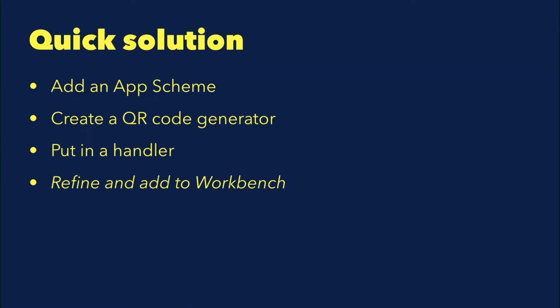The solution is basically to add an app scheme, then create a QR code generator where I could inject values into the app. Put in a handler, and then I refined the work a little bit and put it in a workbench, which is this side project I've been sharing with you. Let's see if I can show a demo.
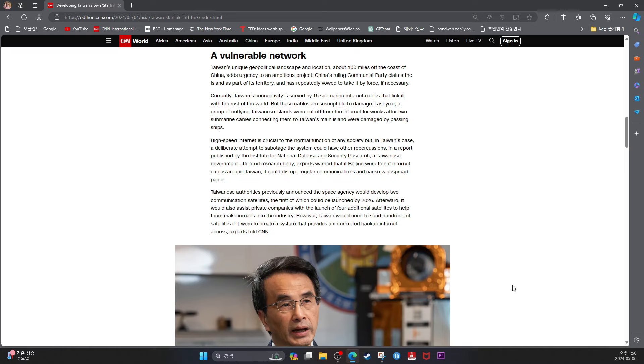High-speed internet is crucial to normal function of any society, but in Taiwan's case, a deliberate attempt to sabotage this system could have other repercussions. In a report published by the Institute for National Defense and Security Research, a Taiwanese government-affiliated research body, experts warned that if Beijing were to cut internet cables around Taiwan, it could disrupt regular communications and cause widespread panic. Taiwan's authorities previously announced that the space agency would develop two communications satellites, the first of which could be launched by 2026.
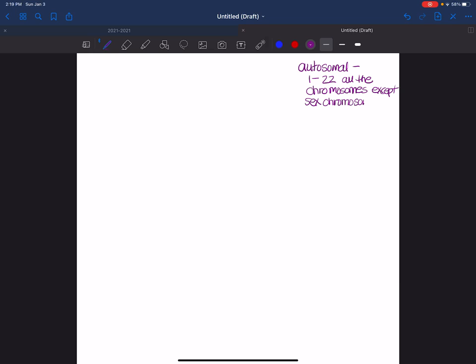And in humans, that is considered the 23rd pair.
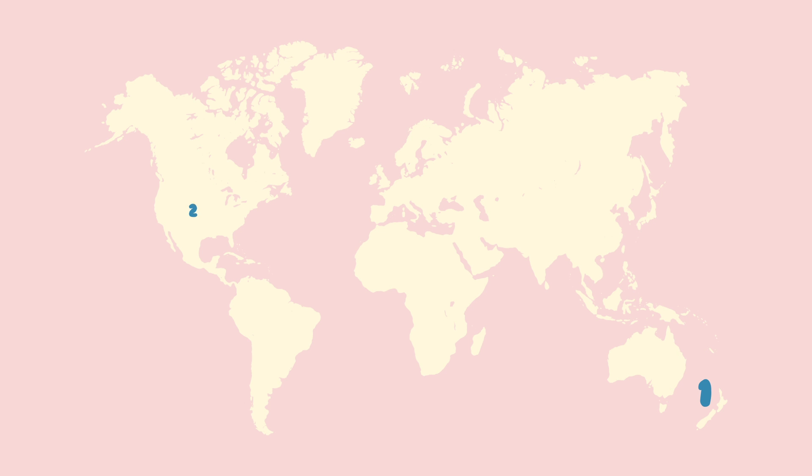New Zealand, United States, Australia, Finland, and Sweden.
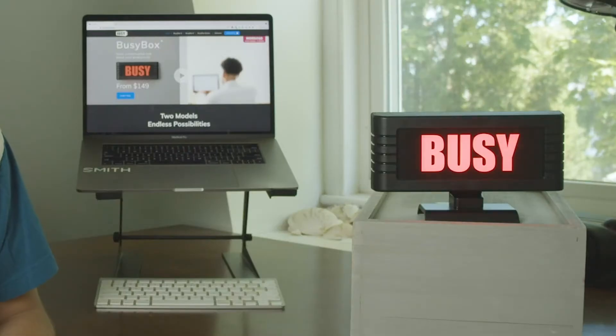Hey Siri, turn on BusyBox. And a quick little pro tip: did you know you can run the Siri shortcut without saying 'Hey Siri'? If you're a super pro user, you can add your BusyBox shortcuts to the home screen bar for super fast access to your on and off shortcuts.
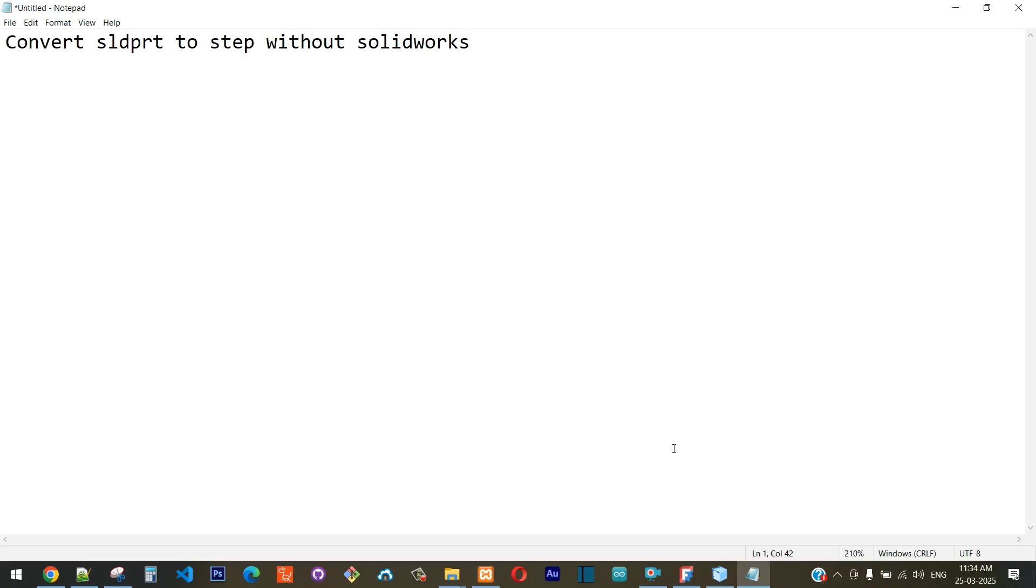Hello guys, in this video we'll see how to convert a SolidWorks file to a STEP file. Some of you might not have SolidWorks software, so you might need to use third-party software to convert the SolidWorks file, something like an SLDPRT file, to a STEP file so that you can start using it on other CAD software.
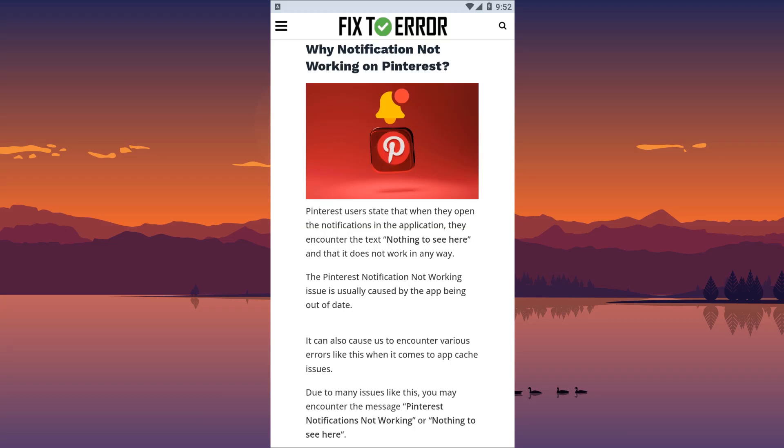Hello everyone, welcome to the Fix to Error channel. In this video, we will provide information on how to fix notification not working issue on Pinterest.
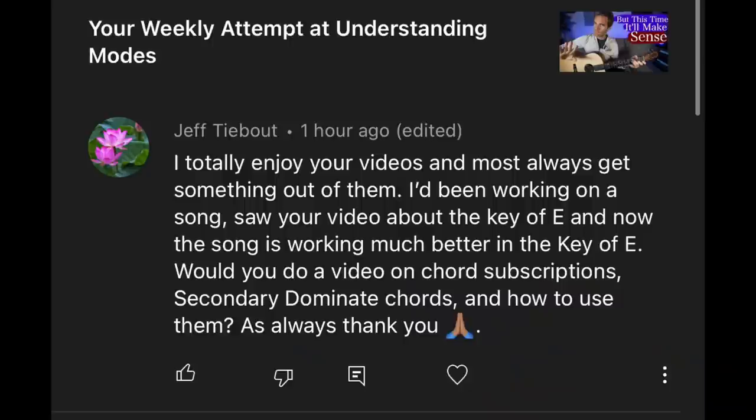I totally enjoy your videos and most always get something out of them. I've been working on a song, saw your video about the key of E and how the song is working much better in the key of E. Would you do a video on chord substitution, secondary dominant chords, and how to use them?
+++
[Task objective]: From the records above, return exactly the lines running from the one that contains "Hello guys, in" down to the one that contains "Hello everyone, welcome", both included, without any pictures.

[Written reply]:
Hello guys, in this video we'll see how to convert a SolidWorks file to a STEP file. Some of you might not have SolidWorks software, so you might need to use third-party software to convert the SolidWorks file, something like an SLDPRT file, to a STEP file so that you can start using it on other CAD software.
Hello everyone, welcome to the Fix to Error channel. In this video, we will provide information on how to fix notification not working issue on Pinterest.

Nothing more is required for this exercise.